Four years ago, I was one of many who tried to raise the alarm in the media about a Canadian crisis. I called attention to the staggering statistic that 98 per cent of girls in Saskatchewan youth jails were Indigenous, and upwards of 70 per cent of inmates in Manitoba jails were Indigenous. These are unacceptable rates by any measure. At the time, 43 per cent of women in federal prisons were Indigenous.
Last week we learned that Canada has crossed a terrible threshold: 50 per cent of all women in federal prisons are now Indigenous, despite Indigenous women making up only five per cent of Canada’s female population. Will this shameful reality continue to be ignored by politicians, policy makers and the Canadian public?
I used to think that the solution to the disproportionate overrepresentation of Indigenous people in Canadian jails and prisons was largely a policy problem. That by changing policies, and making sure that existing laws were enforced properly, Canada could address the crisis of Indigenous mass incarceration. But the time for incremental policy change has passed. What Canada needs now is “decarceration,” and we need it urgently.
We’ve known about this problem for decades. This isn’t an issue that needs more study.
In 1999, the Supreme Court of Canada called the overrepresentation of Indigenous people a “crisis.” The federal and provincial/territorial governments have commissioned dozens of studies, inquiries and royal commissions over the years that have all raised similar concerns, such as when the Aboriginal Justice Inquiry declared: “The Canadian criminal justice system has failed the Aboriginal peoples of Canada.” Most recently, the National Inquiry into Missing and Murdered Indigenous Women and Girls (MMIWG) sounded the alarm on the high rates of Indigenous people in Canadian prisons. As MMIWG Chief Commissioner Marion Buller put it: “It’s not that they’re inherently criminal, it’s that they’re poor.”
This is also not a problem that can be solved by the slow and (sometimes) steady drip of pilot projects, policy and procedure changes, and “sensitivity training.” We’ve been there, done that — civil society organizations, judges and politicians — repeated and revived them for decades. Where they have been scaled and implemented meaningfully at all, they clearly did not have the intended effect.
At times, policy changes have made things worse rather than better. Even where governments have not actively exacerbated the problem, the situation has not improved.
The Trudeau government claims to have no more important relationship than its relationship with Indigenous peoples, yet it was under this Liberal government that Canada now has as many Indigenous women in prison as non-Indigenous women.
A central feature of the inability of Canadian governments to meaningfully address the overrepresentation of Indigenous people in jails and prisons is that for Canada and its institutions, Indigenous peoples and their interests remain — 155 years after Confederation — primarily a colonial concern.
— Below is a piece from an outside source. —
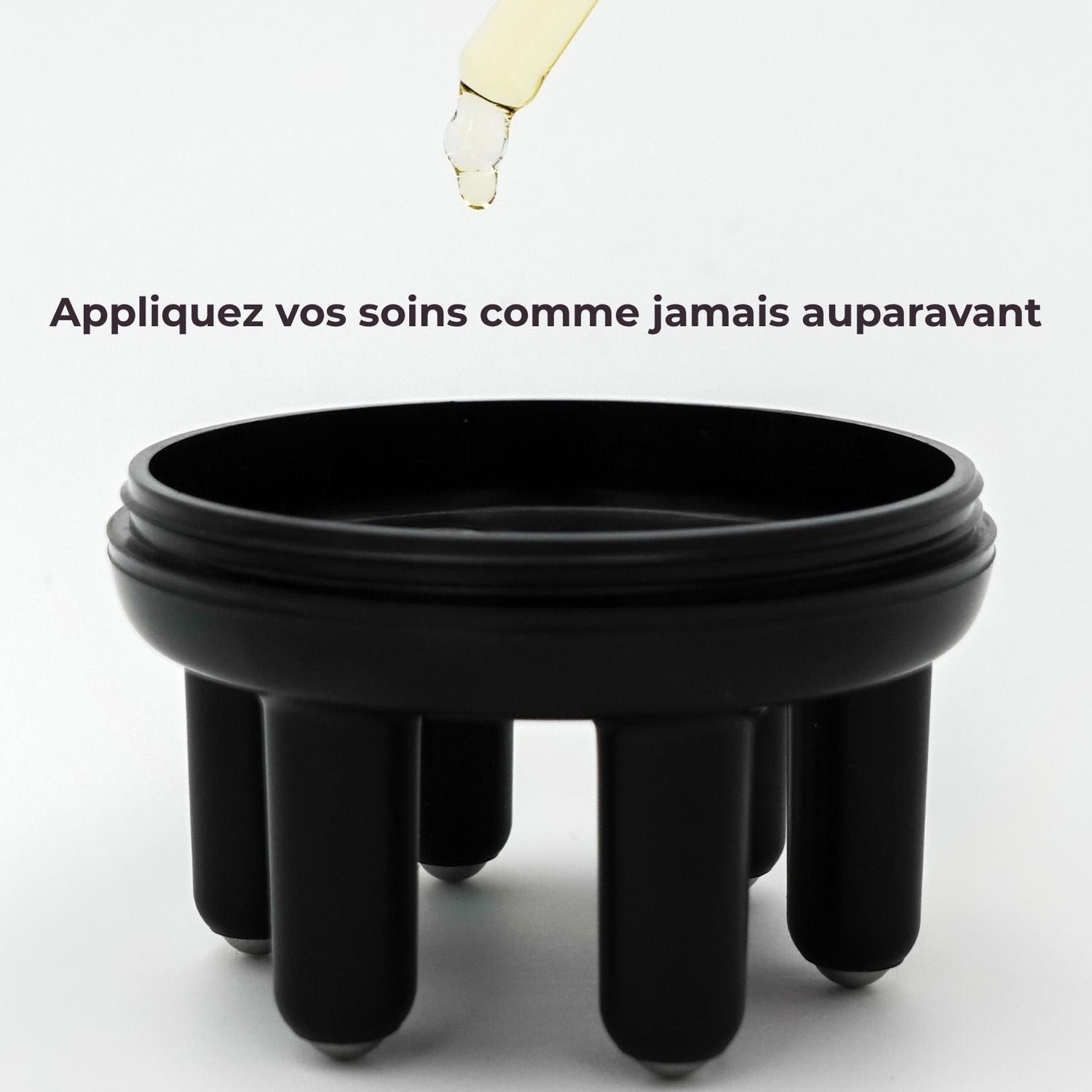 Le Rolly - Brosse massante applicatrice de soins - Roilon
Much of the Canadian economy is built on the exploitation of Indigenous lands without the consent of Indigenous peoples and without returning any benefits to Indigenous peoples. The so-called protection of Indigenous children continues to result in the forced displacement of disproportionate numbers Indigenous children from their families and communities to primarily non-Indigenous families disconnected from their culture and language — an active and immoral perpetuation of the legacy of residential schools and the Sixties Scoop.
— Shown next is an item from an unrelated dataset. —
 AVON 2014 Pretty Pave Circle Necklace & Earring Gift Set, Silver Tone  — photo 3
The colonial order is maintained by criminalizing and incarcerating Indigenous people at a rate that even the most dedicated cheerleaders for the existing order would surely have difficulty justifying.
After decades of study and calls for reform have led only to worsening overrepresentation of Indigenous people in jails and prisons, what remains is systematic decarceration — the intentional and directed reduction of the number of Indigenous people in jails and prisons as a policy goal in and of itself.
Decarceration projects are being successfully implemented in some parts of the United States, and there is no principled reason why it could not be effective here as well.
Decarceration must guide the operation and oversight of the Canadian criminal justice system.
This means ending the use of mandatory minimum sentences retroactively. It means that judges and Crown attorneys must ensure that the presumption of innocence is upheld, and those charged with crimes must, in all but the most exceptional of circumstances, be released.
Most importantly, decarceration requires that alternatives to incarceration must nearly always be the first choice when courts determine sentences for Indigenous peoples convicted of crimes.
The impacts of colonialism are not merely a legacy of past wrongs. Colonialism is an ongoing project, perpetuated by the federal and provincial/territorial governments, and which continues to penalize Indigenous peoples in Canada for the mere crime of existing.
Through decaraceration, Canada may begin to forge a new path.
Corey Shefman is a lawyer for Indigenous peoples, persons and organizations at Olthuis Kleer Townshend LLP.